Electron scattering is called a neutral current process because the reaction leaves the charge of the electron unchanged. In the Standard Model, there are two kinds of fields that couple to neutral currents, the photon and the Z0 boson. Because the Z0 is much heavier than the photon, it is classified under the weak interactions. Weak neutral currents are generally obscured by the dominant electromagnetic process in reactions like electron scattering where both contribute. It is possible however, by comparing the scattering rate of electrons with left-handed polarisation with that of right-handed electrons, to detect small differences due to Z0 exchange. This is because the photon couples in a symmetrical way to electrons of both helicities, whereas the weak neutral ``charge'' depends upon helicity. This dependence on helicity is what is responsible for parity violation in electron scattering.
Using the known electric and weak charges of quarks and leptons in the Standard Model, a measurement of the parity-violating asymmetry in polarised electron scattering yields direct information about the distribution of the different flavours of quarks inside the nucleon. Alternatively, what we know about the total quark content of the nucleon can be used to extract the weak neutral charges of the quarks from a parity-violation measurement. If the measurement is made with sufficient precision, a comparison of the extracted weak neutral charges with the Standard Model values can be used to probe for certain kinds of new physics.
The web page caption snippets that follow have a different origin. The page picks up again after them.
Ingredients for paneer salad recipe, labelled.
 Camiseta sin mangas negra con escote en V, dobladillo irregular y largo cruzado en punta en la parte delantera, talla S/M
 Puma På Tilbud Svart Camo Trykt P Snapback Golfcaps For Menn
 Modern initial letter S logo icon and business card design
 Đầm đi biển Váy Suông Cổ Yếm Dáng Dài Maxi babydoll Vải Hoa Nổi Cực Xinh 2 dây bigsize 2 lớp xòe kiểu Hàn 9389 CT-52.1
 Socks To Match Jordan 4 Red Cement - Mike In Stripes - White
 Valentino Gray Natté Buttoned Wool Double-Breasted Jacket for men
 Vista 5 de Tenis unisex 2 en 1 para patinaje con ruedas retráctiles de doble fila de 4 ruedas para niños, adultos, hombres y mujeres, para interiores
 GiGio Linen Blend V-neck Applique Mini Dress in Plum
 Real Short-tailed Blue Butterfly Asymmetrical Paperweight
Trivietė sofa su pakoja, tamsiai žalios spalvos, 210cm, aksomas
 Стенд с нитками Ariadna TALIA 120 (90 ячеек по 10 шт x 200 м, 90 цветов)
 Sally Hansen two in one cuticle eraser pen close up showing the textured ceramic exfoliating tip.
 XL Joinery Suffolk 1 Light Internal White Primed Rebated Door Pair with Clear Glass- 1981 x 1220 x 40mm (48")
Assuming that the present generation of parity experiments at the Bates, Jefferson and SLAC laboratories reach their design goals, this approach can test many of the interesting extensions to the Standard Model, including additional Z0 bosons, leptoquarks and quark/lepton compositeness, at a level that is competitive with collider experiments. Click on the link below to find out more about work going on at Jefferson Lab towards the preparation of a proposal.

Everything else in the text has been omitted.